Each record that follows is to be output in full, precisely as written.

Extracted material below:

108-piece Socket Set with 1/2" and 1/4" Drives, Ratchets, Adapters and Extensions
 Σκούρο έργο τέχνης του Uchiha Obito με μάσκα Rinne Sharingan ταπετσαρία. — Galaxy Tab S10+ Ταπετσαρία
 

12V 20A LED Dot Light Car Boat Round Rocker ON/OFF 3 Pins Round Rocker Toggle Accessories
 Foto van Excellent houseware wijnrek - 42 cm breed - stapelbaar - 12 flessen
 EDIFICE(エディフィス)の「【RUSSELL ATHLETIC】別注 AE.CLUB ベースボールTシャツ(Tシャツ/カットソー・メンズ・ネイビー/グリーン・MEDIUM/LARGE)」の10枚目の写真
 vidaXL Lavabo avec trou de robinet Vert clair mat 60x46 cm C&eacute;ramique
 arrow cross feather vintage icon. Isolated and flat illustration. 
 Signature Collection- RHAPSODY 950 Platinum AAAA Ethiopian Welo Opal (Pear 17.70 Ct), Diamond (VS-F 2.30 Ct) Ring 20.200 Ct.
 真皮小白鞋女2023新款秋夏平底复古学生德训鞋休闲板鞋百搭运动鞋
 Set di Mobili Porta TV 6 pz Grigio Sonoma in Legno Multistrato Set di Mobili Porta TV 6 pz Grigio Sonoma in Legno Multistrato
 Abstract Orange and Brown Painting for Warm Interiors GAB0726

End of Extracted material.

#### Response
108-piece Socket Set with 1/2" and 1/4" Drives, Ratchets, Adapters and Extensions
 Σκούρο έργο τέχνης του Uchiha Obito με μάσκα Rinne Sharingan ταπετσαρία. — Galaxy Tab S10+ Ταπετσαρία
 

12V 20A LED Dot Light Car Boat Round Rocker ON/OFF 3 Pins Round Rocker Toggle Accessories
 Foto van Excellent houseware wijnrek - 42 cm breed - stapelbaar - 12 flessen
 EDIFICE(エディフィス)の「【RUSSELL ATHLETIC】別注 AE.CLUB ベースボールTシャツ(Tシャツ/カットソー・メンズ・ネイビー/グリーン・MEDIUM/LARGE)」の10枚目の写真
 vidaXL Lavabo avec trou de robinet Vert clair mat 60x46 cm C&eacute;ramique
 arrow cross feather vintage icon. Isolated and flat illustration. 
 Signature Collection- RHAPSODY 950 Platinum AAAA Ethiopian Welo Opal (Pear 17.70 Ct), Diamond (VS-F 2.30 Ct) Ring 20.200 Ct.
 真皮小白鞋女2023新款秋夏平底复古学生德训鞋休闲板鞋百搭运动鞋
 Set di Mobili Porta TV 6 pz Grigio Sonoma in Legno Multistrato Set di Mobili Porta TV 6 pz Grigio Sonoma in Legno Multistrato
 Abstract Orange and Brown Painting for Warm Interiors GAB0726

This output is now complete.